Exercise prompt ▸ Please set down the data again exactly, minus the pictures.

Given data ▸
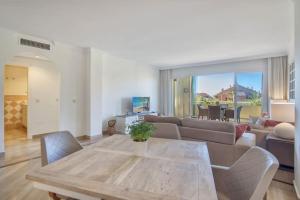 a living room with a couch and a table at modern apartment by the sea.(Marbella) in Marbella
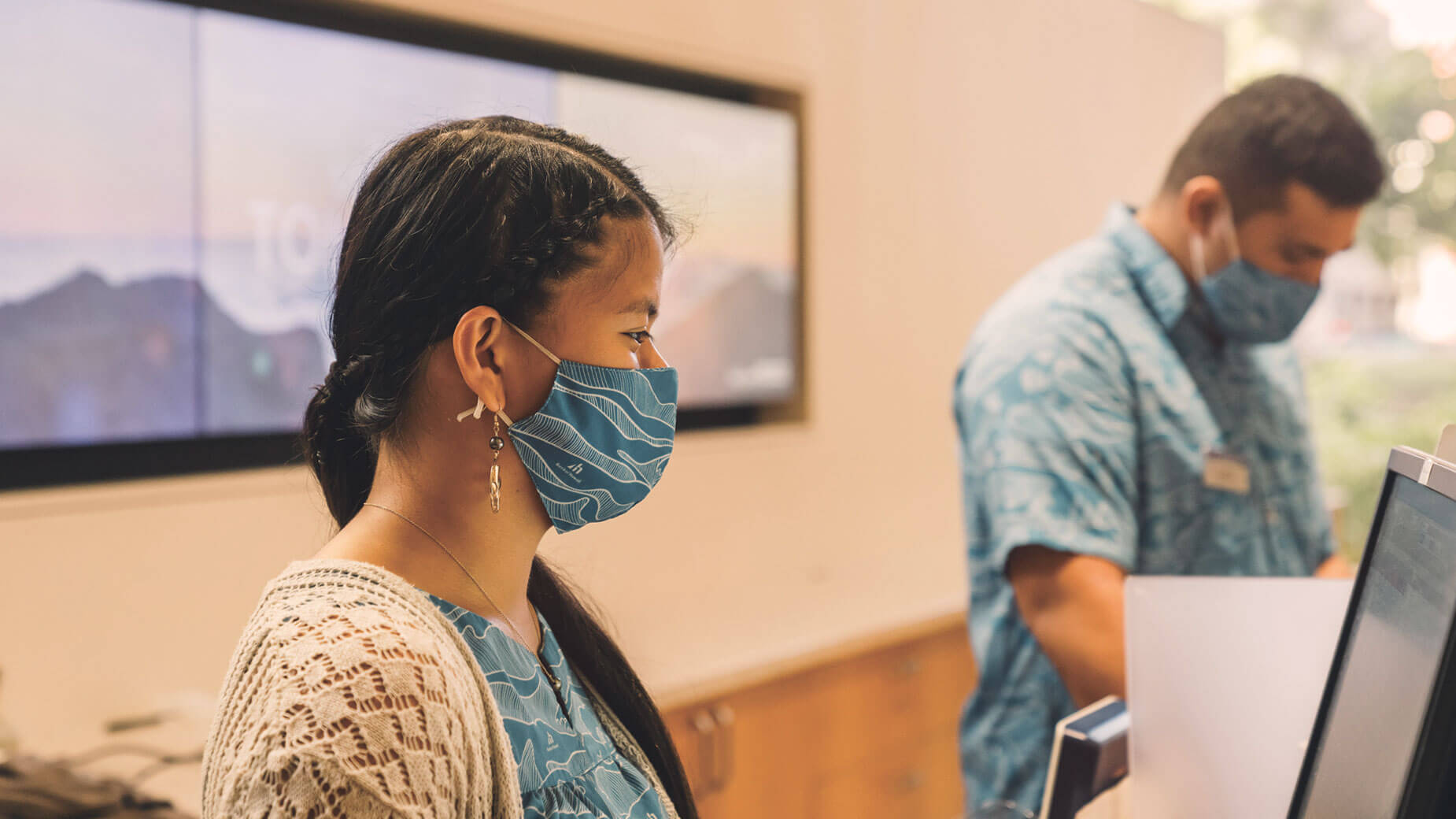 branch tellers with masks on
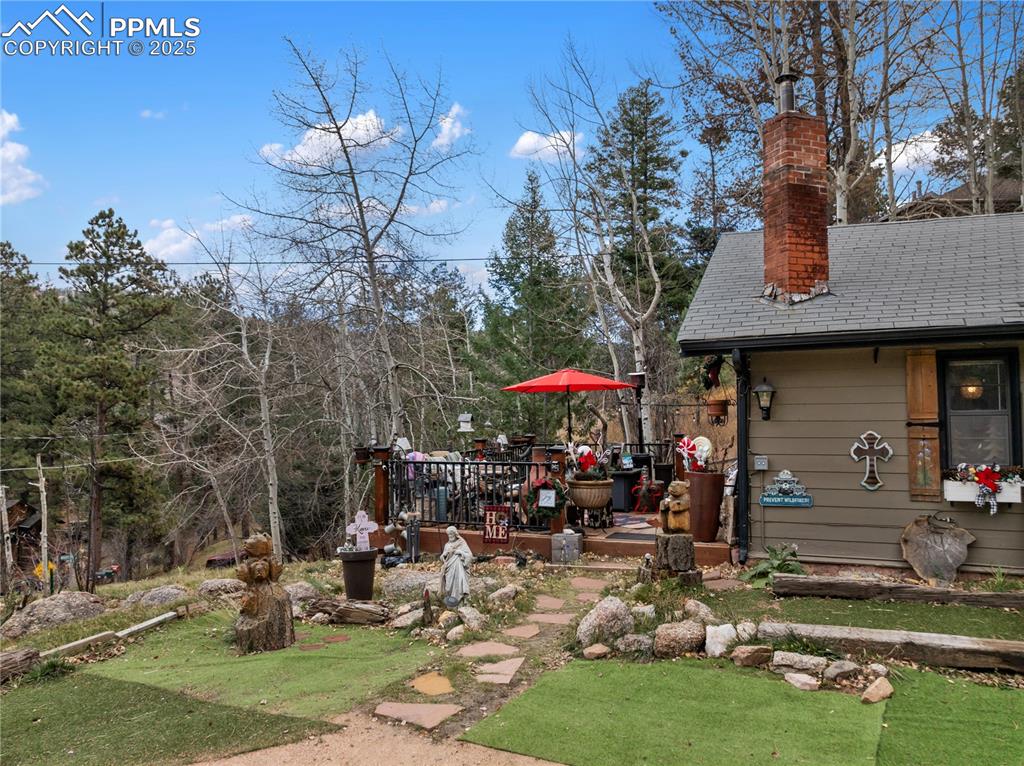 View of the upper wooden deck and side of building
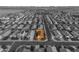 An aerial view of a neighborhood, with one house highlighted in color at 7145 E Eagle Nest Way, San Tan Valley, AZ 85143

Written answer ▸
 a living room with a couch and a table at modern apartment by the sea.(Marbella) in Marbella
 branch tellers with masks on
 View of the upper wooden deck and side of building
 An aerial view of a neighborhood, with one house highlighted in color at 7145 E Eagle Nest Way, San Tan Valley, AZ 85143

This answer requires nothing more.